Weiner: The answer should be 0%. I’m a firm believer that the MVP should be awarded to the best player, regardless of who has the best story. Realistically, Rose never has or will be the number one player in the league. Still, we’ve seen time and time again that a great story matched with a great player on a top team can often beat out a more valuable player (like Rose’s 2010-11 MVP over LeBron and Dwight Howard). Recent Team USA panic aside, if D-Rose can return to All-NBA form and lead Chicago to a #1 seed, he’ll have a real shot at winning another MVP.

Jordan:  10% chance.  I don’t think he’ll ever be the best player necessarily, or even the best point guard, but history has shown the award doesn’t necessarily go to the best player.  Any of the top players having a good season on a championship contender will be in the running.  DRose is on the perfect team to sneak one more in, as I see the Bulls being contenders for the next few years.  That being said, I still do not expect another MVP, but I do expect him to finish in the top 3 a few more times barring any major injuries. 

Li: I'd give it a 10-15% chance. While he has looked good in his recent Team USA stint, his recent knee troubles are a bit disconcerting for his future MVP hopes.

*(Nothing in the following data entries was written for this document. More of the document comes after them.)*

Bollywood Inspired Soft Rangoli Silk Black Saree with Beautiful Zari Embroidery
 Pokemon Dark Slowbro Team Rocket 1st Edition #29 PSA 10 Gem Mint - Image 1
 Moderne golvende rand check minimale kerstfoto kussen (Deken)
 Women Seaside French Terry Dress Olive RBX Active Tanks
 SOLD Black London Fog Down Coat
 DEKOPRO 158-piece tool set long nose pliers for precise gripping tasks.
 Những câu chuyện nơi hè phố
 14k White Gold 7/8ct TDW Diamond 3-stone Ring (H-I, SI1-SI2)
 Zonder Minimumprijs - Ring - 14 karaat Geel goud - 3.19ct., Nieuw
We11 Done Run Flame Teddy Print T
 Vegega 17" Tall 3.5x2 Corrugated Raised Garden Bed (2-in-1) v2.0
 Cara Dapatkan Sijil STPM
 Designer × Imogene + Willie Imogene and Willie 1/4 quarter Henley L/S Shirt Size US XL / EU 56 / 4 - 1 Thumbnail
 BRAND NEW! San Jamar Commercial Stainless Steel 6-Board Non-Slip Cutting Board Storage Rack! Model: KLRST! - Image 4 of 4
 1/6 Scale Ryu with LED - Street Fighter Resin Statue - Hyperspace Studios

The award itself tends to go to players whose teams perform extremely well through the entire regular season. Although the Bulls have been patiently awaiting DRose's return, the league has only gotten better since his initial knee injury. All in all, I'm pretty doubtful he'll be in the argument for the best player in the league for the rest of his career. But I'd love to be surprised here because how can you watch DRose and not root for him? 

Jon: Rose has a good chance of winning another MVP. Leading your team to the best record in the league or conference is huge when considering the league's MVP. The MVP title should read "Most Valuable Player To Your Team." The Bulls have consistently had one of the best defenses in the league and continue to add the right pieces (Pau Gasol, Doug McDermott, Nikola Miortic, etc.) to their solid core (Derrick Rose, Joakim Noah, Taj Gibson and Jimmy Butler). Boozer is gone, Rose is healthy, and Thibodeau's system finally has a chance of reaching its full potential.  Despite the Cavaliers being the favorite to win the east, I'm putting my money on the Bulls having the best record in the East. Why? Defense.